[Scraped caption text data]
──────

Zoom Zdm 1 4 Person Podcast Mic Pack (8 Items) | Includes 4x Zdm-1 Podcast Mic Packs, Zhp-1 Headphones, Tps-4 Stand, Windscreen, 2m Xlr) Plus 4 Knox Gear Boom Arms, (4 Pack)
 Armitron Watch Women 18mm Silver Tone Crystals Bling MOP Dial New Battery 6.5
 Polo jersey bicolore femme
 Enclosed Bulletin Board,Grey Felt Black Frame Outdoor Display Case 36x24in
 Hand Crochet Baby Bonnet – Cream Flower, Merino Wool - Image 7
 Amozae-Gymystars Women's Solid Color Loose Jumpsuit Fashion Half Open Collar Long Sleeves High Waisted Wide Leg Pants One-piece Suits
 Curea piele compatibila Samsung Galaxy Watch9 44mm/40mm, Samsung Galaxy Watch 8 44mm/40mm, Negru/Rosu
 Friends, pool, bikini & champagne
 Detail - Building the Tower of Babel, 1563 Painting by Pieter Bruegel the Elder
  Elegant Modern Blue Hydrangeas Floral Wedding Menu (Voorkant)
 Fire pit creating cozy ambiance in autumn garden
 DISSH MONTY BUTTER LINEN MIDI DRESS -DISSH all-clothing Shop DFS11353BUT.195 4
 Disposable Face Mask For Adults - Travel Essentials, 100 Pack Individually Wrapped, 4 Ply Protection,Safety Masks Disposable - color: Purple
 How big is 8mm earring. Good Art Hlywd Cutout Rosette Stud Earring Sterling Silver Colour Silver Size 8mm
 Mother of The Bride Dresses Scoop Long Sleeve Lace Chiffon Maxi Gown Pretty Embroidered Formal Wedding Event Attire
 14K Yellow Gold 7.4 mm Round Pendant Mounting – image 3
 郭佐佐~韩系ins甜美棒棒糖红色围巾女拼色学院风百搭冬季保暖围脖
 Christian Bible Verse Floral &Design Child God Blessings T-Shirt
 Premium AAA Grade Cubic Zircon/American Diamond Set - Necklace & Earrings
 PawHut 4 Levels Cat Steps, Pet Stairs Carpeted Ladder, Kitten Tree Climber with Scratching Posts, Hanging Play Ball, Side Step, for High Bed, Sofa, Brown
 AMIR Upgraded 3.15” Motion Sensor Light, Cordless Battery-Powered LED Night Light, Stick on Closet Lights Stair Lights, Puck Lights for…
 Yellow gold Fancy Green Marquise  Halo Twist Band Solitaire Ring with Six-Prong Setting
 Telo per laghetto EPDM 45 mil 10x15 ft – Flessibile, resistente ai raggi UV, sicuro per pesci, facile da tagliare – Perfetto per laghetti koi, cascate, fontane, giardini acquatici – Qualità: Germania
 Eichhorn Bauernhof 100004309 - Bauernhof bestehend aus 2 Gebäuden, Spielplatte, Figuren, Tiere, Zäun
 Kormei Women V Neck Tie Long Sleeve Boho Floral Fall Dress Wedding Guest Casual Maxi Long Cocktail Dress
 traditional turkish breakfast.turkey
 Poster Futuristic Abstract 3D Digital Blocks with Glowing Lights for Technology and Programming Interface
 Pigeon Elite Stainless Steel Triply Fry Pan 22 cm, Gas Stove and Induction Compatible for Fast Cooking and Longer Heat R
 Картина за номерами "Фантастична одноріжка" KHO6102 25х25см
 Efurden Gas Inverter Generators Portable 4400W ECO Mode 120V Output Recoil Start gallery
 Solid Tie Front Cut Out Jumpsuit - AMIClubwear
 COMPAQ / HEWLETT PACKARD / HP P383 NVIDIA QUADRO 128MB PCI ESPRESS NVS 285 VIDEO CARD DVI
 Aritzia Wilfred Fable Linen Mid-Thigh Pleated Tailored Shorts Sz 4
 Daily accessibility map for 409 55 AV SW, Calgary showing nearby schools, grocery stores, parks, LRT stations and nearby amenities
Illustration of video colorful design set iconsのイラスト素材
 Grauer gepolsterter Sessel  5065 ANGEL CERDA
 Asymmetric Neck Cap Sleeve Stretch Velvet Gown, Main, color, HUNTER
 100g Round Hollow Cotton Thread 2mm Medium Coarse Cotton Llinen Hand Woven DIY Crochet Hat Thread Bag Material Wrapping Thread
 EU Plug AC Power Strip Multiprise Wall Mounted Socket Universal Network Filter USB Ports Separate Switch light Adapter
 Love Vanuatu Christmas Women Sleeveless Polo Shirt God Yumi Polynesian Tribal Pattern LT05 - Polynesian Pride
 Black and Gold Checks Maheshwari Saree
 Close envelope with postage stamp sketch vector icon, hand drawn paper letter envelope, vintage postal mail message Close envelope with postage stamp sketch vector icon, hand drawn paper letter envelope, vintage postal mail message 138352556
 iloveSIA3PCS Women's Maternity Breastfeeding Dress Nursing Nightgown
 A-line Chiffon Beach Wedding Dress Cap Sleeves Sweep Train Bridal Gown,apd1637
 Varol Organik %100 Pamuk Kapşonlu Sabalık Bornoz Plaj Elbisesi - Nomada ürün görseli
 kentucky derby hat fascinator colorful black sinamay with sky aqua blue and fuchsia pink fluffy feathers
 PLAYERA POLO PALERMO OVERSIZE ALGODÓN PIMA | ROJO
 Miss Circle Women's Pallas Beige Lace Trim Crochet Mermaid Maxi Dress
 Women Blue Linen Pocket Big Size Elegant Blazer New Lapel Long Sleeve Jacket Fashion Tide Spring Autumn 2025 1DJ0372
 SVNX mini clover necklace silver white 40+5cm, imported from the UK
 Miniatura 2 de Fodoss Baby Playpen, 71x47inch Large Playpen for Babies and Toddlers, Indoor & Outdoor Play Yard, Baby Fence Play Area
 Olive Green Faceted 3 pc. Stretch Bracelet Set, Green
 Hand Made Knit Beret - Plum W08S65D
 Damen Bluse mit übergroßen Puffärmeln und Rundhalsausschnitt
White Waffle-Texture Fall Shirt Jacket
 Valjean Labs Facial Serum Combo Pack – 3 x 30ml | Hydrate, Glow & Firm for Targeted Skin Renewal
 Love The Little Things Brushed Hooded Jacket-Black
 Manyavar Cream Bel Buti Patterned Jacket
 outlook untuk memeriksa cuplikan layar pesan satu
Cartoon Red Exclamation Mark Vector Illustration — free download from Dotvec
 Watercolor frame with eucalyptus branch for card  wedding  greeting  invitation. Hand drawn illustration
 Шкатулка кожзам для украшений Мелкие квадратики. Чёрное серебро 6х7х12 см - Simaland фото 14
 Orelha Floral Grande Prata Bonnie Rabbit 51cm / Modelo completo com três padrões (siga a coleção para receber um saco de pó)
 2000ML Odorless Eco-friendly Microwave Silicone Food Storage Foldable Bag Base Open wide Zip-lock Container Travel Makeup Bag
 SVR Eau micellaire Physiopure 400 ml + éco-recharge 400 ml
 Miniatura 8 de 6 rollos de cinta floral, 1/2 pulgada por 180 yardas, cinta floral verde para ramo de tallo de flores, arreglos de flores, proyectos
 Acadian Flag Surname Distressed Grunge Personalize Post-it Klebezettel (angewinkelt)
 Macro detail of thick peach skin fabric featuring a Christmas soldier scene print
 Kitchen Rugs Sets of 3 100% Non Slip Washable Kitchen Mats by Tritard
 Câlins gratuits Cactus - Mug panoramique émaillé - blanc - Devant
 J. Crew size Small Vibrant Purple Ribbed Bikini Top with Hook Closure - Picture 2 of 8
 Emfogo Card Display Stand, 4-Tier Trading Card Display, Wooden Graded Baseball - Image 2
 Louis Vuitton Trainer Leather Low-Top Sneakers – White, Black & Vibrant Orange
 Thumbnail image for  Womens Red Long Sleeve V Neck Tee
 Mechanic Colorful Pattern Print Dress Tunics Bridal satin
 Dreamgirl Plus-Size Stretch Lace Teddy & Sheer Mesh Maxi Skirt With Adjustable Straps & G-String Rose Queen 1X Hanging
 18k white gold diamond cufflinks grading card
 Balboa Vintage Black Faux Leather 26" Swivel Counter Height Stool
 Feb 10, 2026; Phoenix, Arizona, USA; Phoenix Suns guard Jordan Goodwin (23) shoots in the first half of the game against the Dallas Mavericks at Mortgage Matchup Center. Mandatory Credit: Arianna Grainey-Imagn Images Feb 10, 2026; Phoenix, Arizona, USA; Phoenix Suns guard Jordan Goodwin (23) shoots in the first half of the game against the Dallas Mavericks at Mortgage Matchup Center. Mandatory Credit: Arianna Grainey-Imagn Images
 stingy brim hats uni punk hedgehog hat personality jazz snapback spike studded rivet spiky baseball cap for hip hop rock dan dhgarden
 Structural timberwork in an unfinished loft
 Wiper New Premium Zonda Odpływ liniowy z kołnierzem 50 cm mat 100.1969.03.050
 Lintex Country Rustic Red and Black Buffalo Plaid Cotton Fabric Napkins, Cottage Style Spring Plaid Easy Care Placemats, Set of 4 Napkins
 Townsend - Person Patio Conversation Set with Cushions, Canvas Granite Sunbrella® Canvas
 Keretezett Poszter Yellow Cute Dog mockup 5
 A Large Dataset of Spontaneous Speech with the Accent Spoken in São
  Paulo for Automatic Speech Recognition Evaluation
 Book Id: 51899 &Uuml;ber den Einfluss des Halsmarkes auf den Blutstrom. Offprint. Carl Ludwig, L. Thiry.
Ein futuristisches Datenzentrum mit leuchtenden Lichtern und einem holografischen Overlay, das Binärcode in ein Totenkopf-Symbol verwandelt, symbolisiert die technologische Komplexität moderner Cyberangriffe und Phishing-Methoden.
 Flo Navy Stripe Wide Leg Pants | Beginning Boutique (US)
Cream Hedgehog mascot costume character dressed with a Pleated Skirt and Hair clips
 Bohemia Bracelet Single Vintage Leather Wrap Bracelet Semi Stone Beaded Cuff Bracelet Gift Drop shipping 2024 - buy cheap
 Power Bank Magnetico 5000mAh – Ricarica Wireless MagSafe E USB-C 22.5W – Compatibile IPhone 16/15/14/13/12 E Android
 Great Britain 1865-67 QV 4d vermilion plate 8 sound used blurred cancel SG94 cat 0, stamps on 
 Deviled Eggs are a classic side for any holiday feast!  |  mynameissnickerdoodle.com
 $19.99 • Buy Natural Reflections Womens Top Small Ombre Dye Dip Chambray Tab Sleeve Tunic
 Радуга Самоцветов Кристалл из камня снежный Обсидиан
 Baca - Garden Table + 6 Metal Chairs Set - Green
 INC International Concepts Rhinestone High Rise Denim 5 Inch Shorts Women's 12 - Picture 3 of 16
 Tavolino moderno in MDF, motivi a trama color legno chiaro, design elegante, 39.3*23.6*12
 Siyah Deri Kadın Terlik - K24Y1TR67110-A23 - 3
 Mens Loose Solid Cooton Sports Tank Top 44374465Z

──────

## [Work required]
Your task is to quote, without any alteration, the lines running from the top of the records to the line that holds "Detail - Building", both included.

## [Solution for this task]
Zoom Zdm 1 4 Person Podcast Mic Pack (8 Items) | Includes 4x Zdm-1 Podcast Mic Packs, Zhp-1 Headphones, Tps-4 Stand, Windscreen, 2m Xlr) Plus 4 Knox Gear Boom Arms, (4 Pack)
 Armitron Watch Women 18mm Silver Tone Crystals Bling MOP Dial New Battery 6.5
 Polo jersey bicolore femme
 Enclosed Bulletin Board,Grey Felt Black Frame Outdoor Display Case 36x24in
 Hand Crochet Baby Bonnet – Cream Flower, Merino Wool - Image 7
 Amozae-Gymystars Women's Solid Color Loose Jumpsuit Fashion Half Open Collar Long Sleeves High Waisted Wide Leg Pants One-piece Suits
 Curea piele compatibila Samsung Galaxy Watch9 44mm/40mm, Samsung Galaxy Watch 8 44mm/40mm, Negru/Rosu
 Friends, pool, bikini & champagne
 Detail - Building the Tower of Babel, 1563 Painting by Pieter Bruegel the Elder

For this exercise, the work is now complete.